What is needed: None of the pictures should be copied, though every line of the listing must be printed exactly.

-- -- --

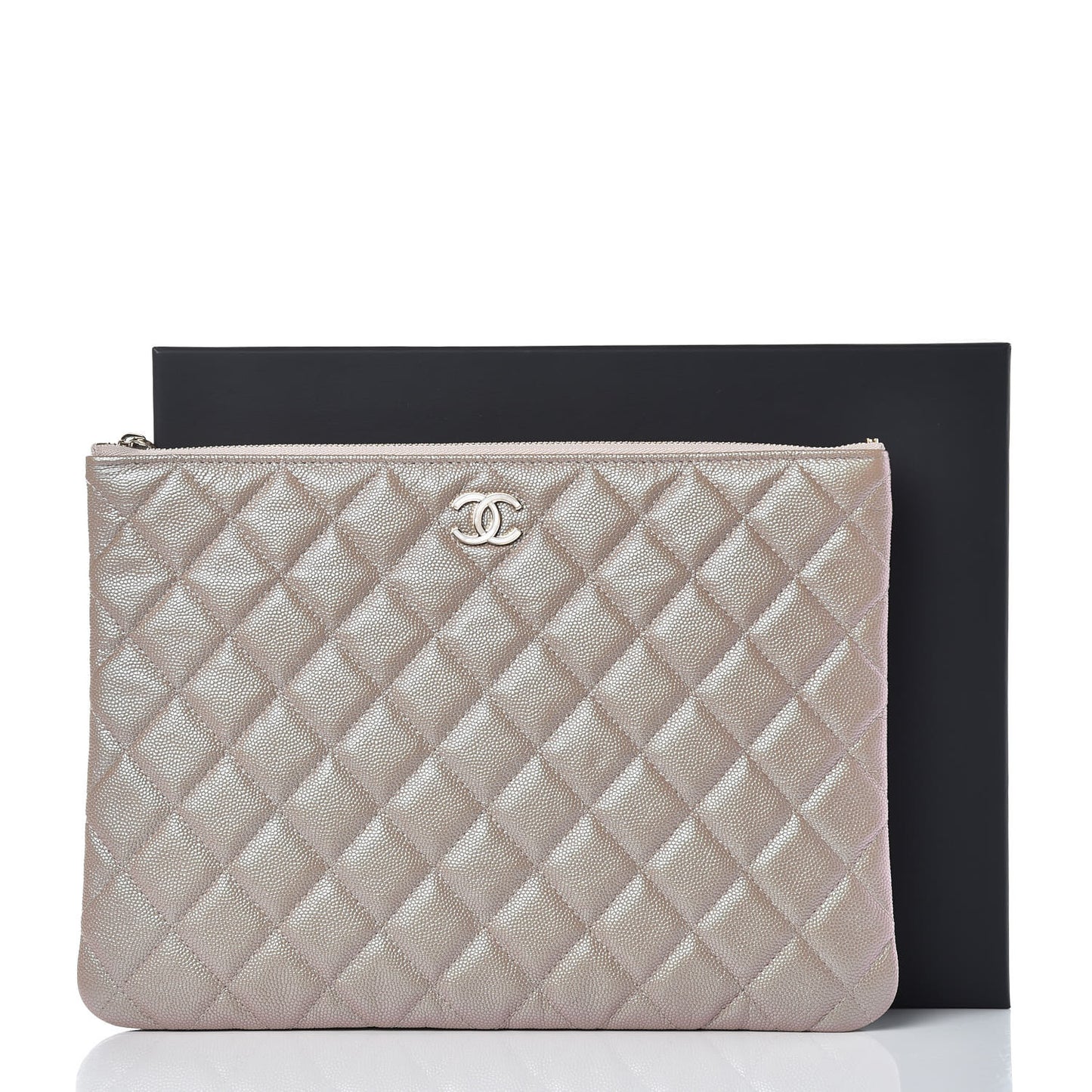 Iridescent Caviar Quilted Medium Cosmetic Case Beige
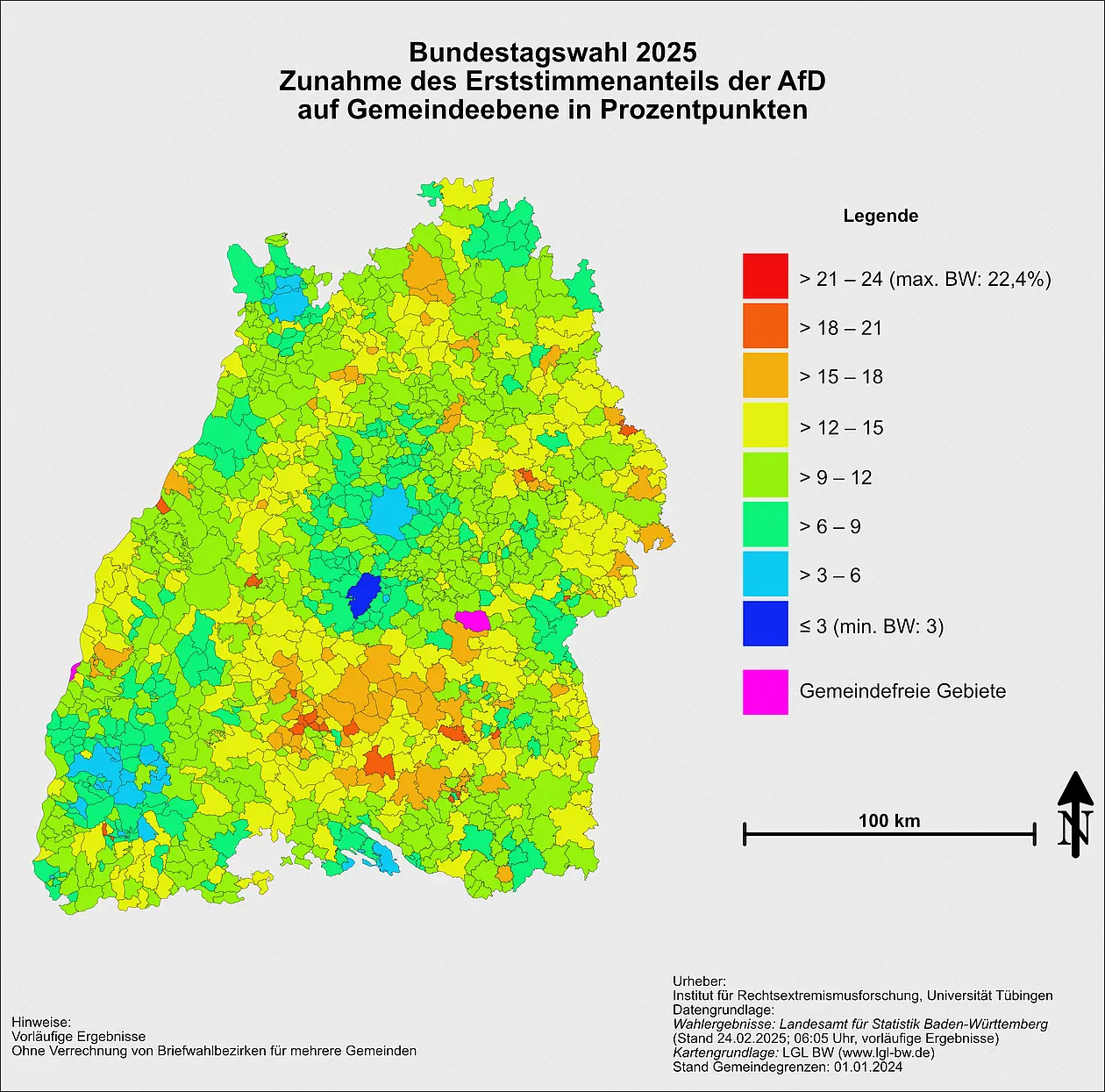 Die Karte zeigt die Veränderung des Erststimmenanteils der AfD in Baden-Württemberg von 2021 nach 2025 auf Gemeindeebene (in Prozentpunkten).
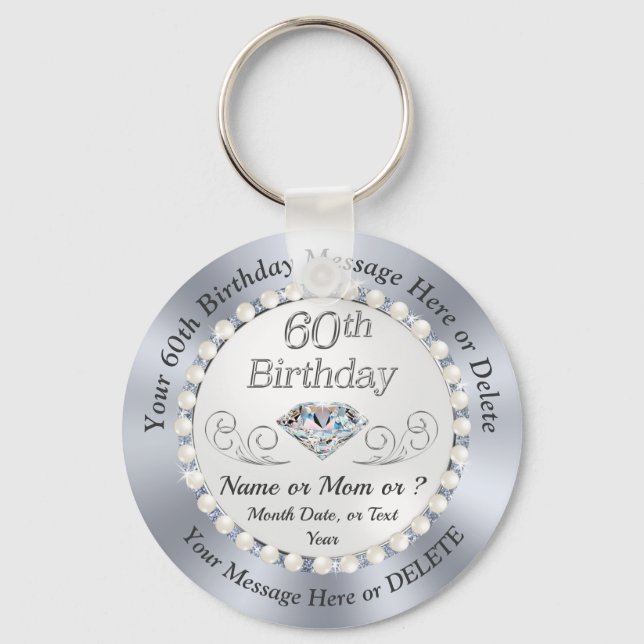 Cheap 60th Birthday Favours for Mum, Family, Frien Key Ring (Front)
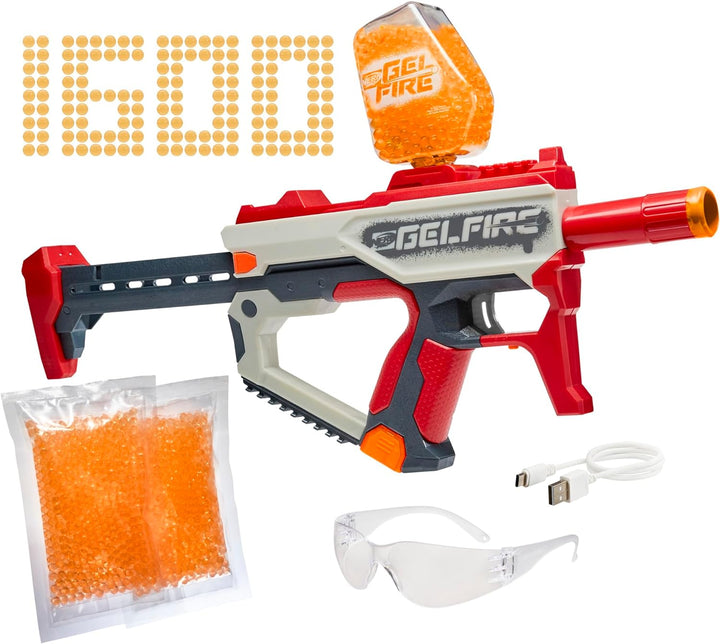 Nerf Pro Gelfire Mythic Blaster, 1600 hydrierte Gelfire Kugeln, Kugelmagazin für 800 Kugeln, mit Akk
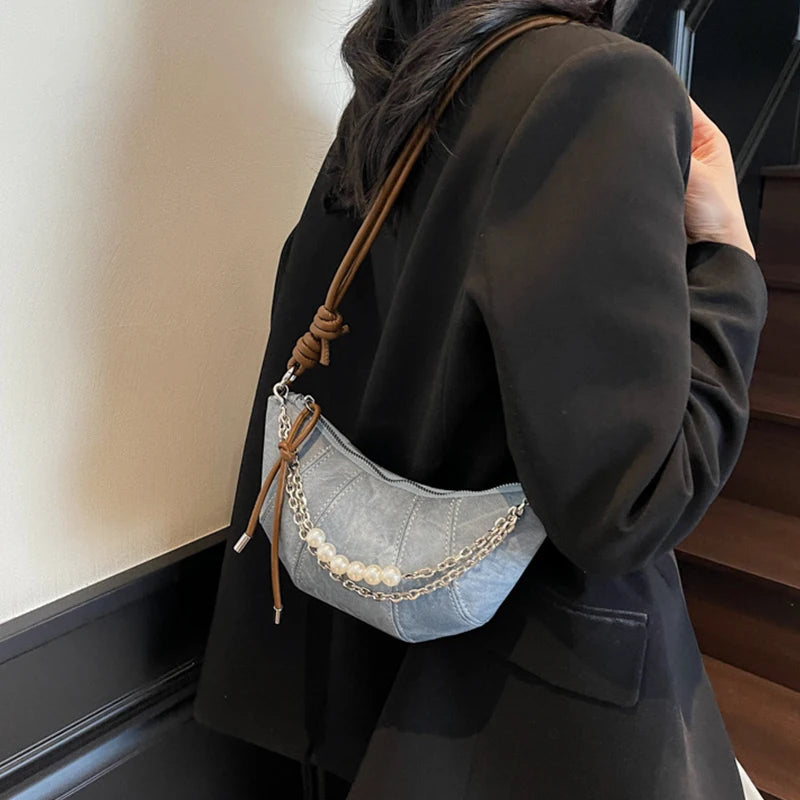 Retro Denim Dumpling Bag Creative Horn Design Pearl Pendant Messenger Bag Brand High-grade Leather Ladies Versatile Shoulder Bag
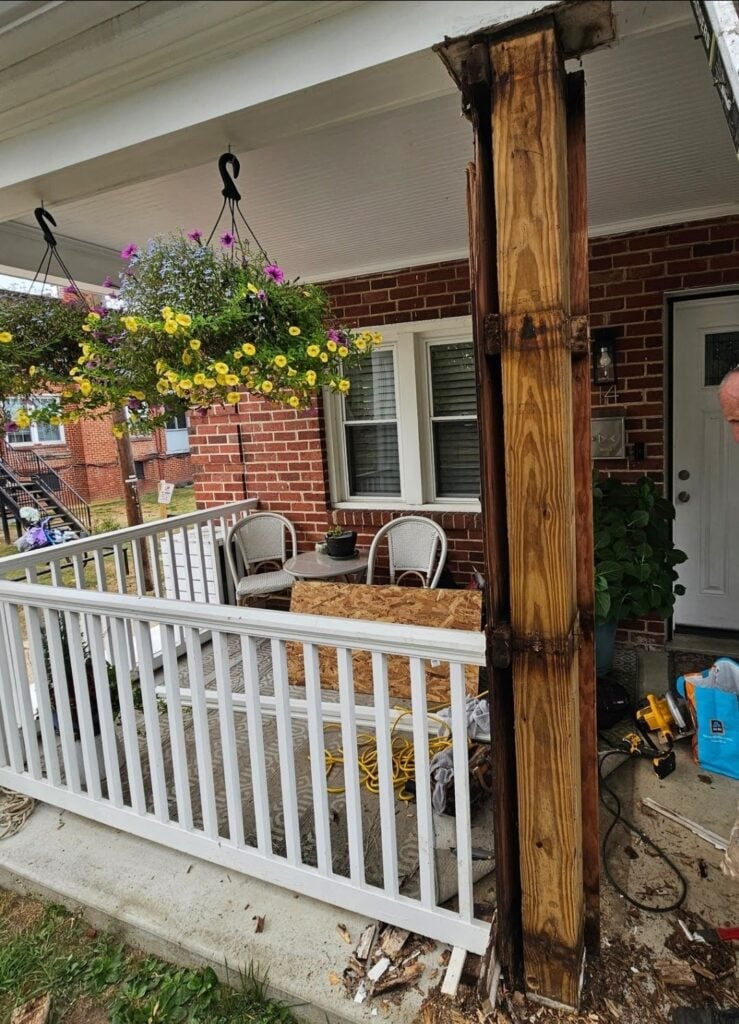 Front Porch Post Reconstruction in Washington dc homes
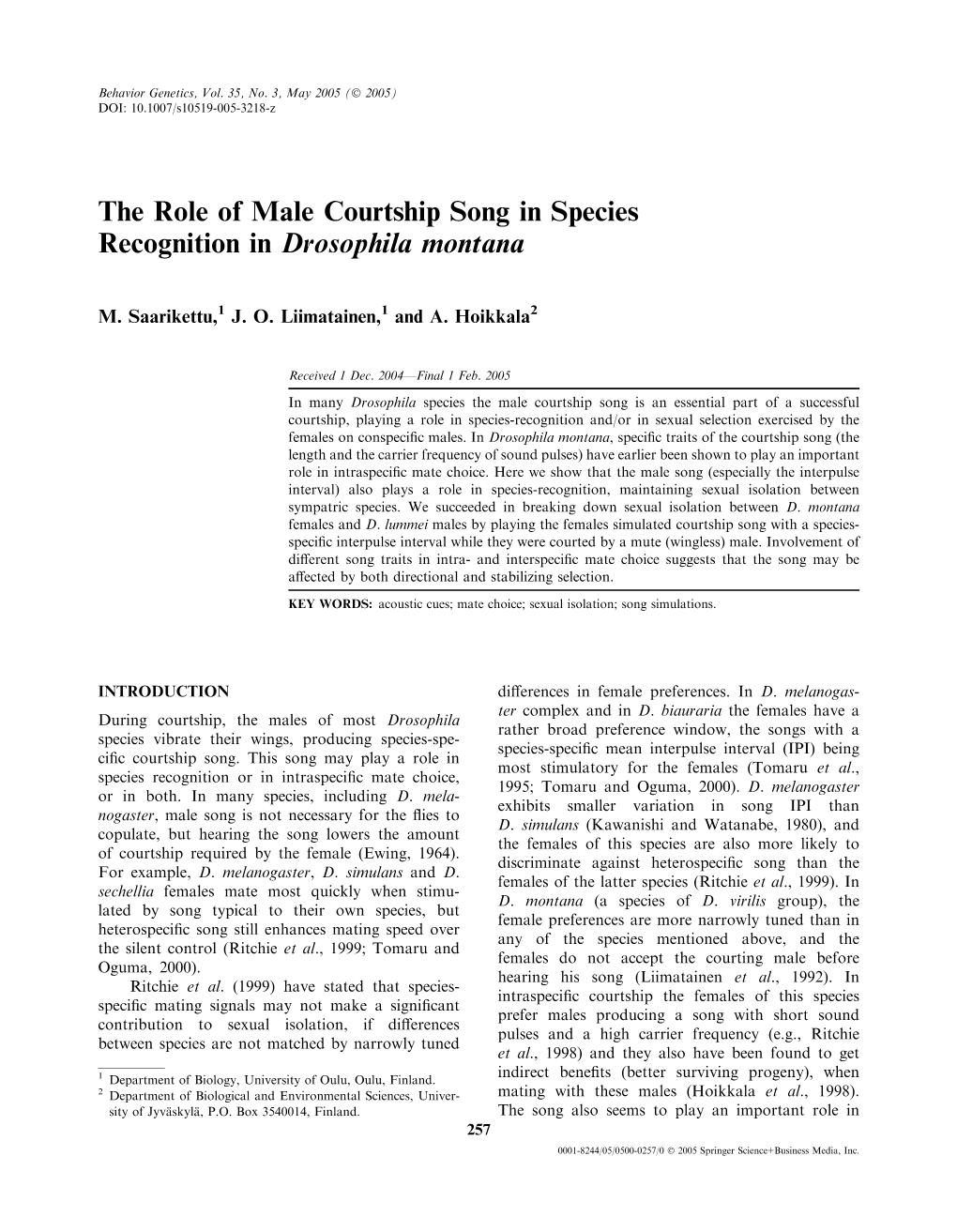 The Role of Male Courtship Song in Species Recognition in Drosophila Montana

-- -- --

Problem solution:
 Iridescent Caviar Quilted Medium Cosmetic Case Beige
 Die Karte zeigt die Veränderung des Erststimmenanteils der AfD in Baden-Württemberg von 2021 nach 2025 auf Gemeindeebene (in Prozentpunkten).
 Cheap 60th Birthday Favours for Mum, Family, Frien Key Ring (Front)
 Nerf Pro Gelfire Mythic Blaster, 1600 hydrierte Gelfire Kugeln, Kugelmagazin für 800 Kugeln, mit Akk
 Retro Denim Dumpling Bag Creative Horn Design Pearl Pendant Messenger Bag Brand High-grade Leather Ladies Versatile Shoulder Bag
 Front Porch Post Reconstruction in Washington dc homes
 The Role of Male Courtship Song in Species Recognition in Drosophila Montana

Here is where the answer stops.